Virtual and real world combined

“The possibilities of this device and the 3D data it delivers are limitless,” says Roland Siegwart, Professor of Autonomous Systems and Vice President of Research and Corporate Relations at ETH Zurich. “An incredible number of apps could be developed based on this technology. It remains to be seen what these will be.” The device may also open up entirely new possibilities for applications such as computer games. For example, the virtual content of games could be combined on the screen with the real surroundings captured by the camera. Gamers could use their mobile phones to navigate their way through virtually enhanced real environments, with virtual characters and objects moving with them on the screen. This combination of virtual and real worlds might also be useful for interior design visualisations.
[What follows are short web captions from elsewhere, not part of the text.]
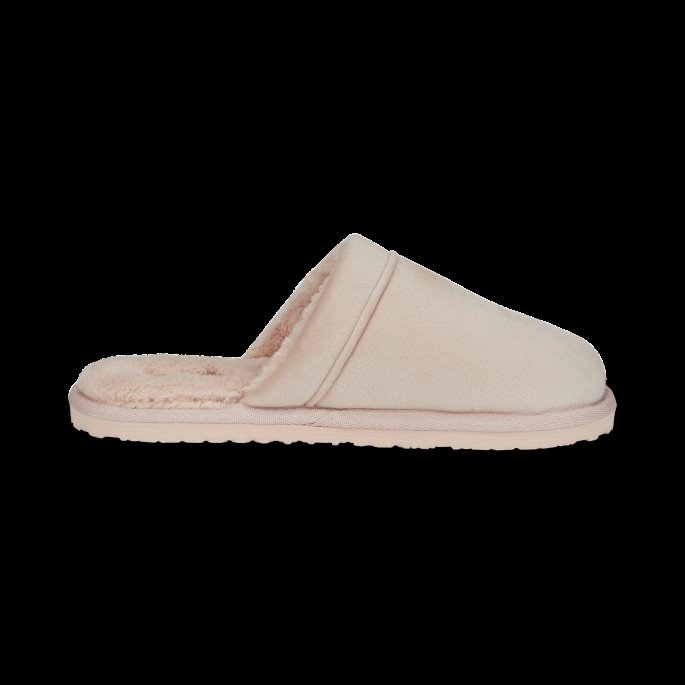 Puma På Tilbud øy Rosa-rosa Kvarts Fluff Mule Bx Tøfler Kvinner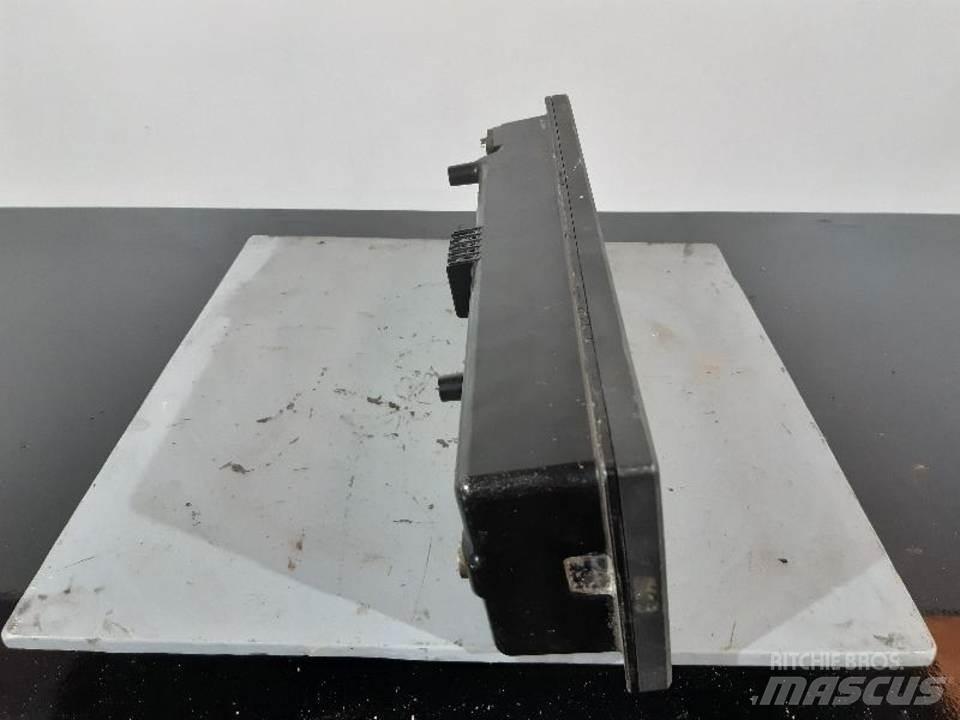 CAT 950F Cabine e interni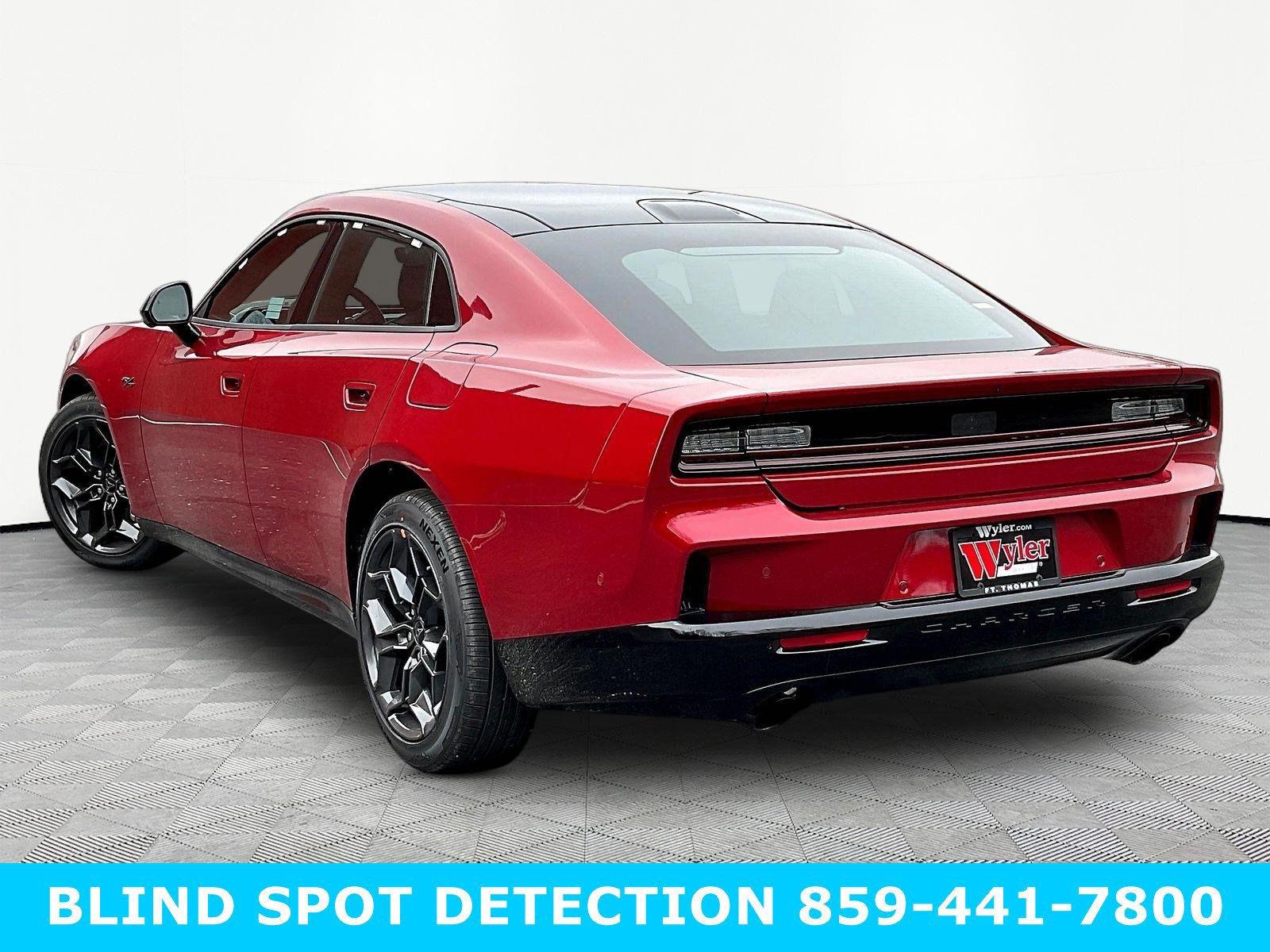 New 2026 Dodge Charger R/T AWD/4WD image 3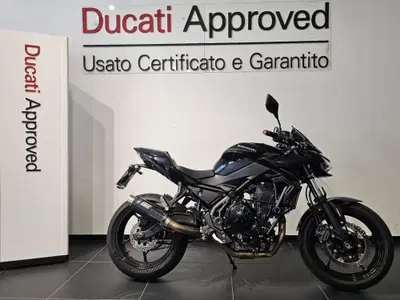 Kawasaki Z 650 (2025 - 26) usata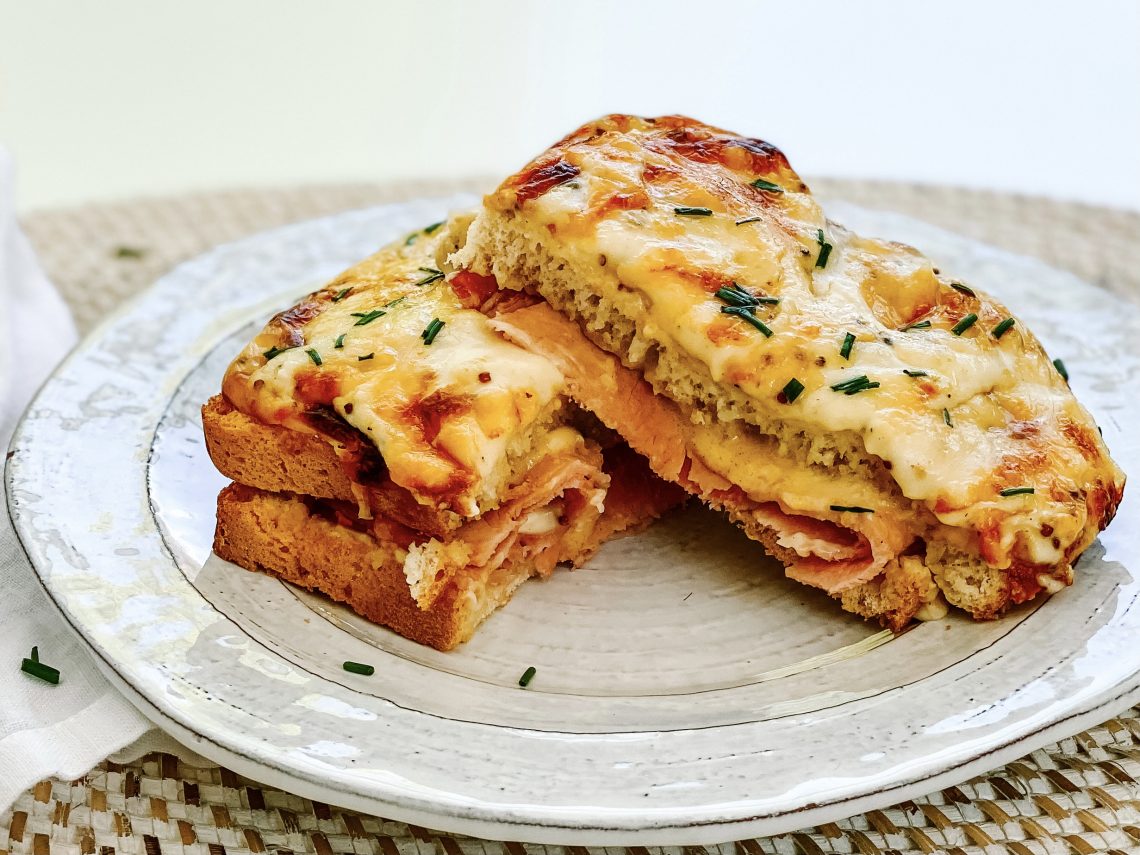 Photograph of Croque Monsieur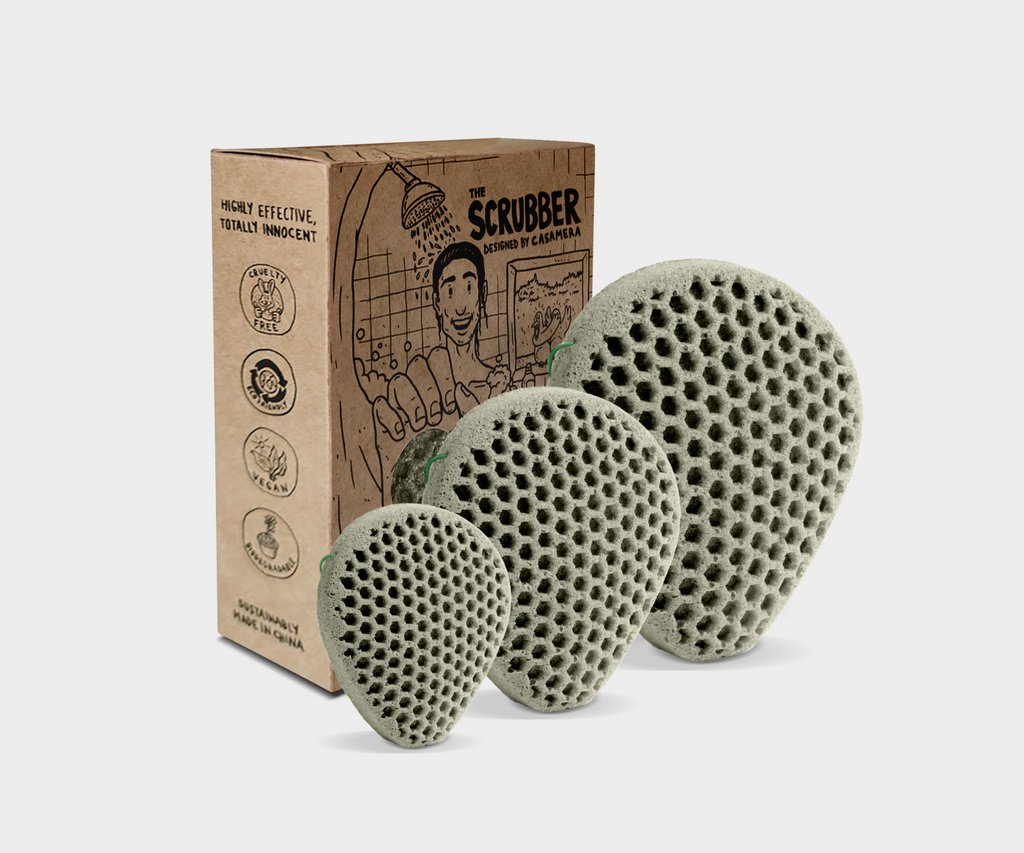 Casamera Scrubber Pack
Users can also use the technology to create their own 3D maps or download maps created by others and then use them on their devices. The device compares the surroundings with stored map data in order to determine the location, enabling GPS-like navigation even indoors. In contrast, GPS does not work indoors because the necessary satellite data cannot be received.

Advantages over GPS

Simon Lynen
Simon Lynen, PhD student at ETH, maps the streets of Zurich with a prototype helmet-mounted device. (Screenshot: Google ATAP Project Tango)

Simon Lynen, a PhD student in Siegwart’s group, is involved in developing the map function for the Tango device. Using a prototype device mounted on a bicycle helmet, he has mapped the streets of Zurich with this function, showing how the technology can also be used to navigate outdoor routes over many kilometres. “Our technology offers a clear advantage over current GPS technology outdoors too. GPS only provides the location, whereas our technology detects the viewing direction of the cameras,” says Lynen. By way of example, this enables information to be displayed depending on the viewing direction. In addition, the new technology is expected to 10 times more effective than GPS at determining location, at least within the limited scope of existing maps.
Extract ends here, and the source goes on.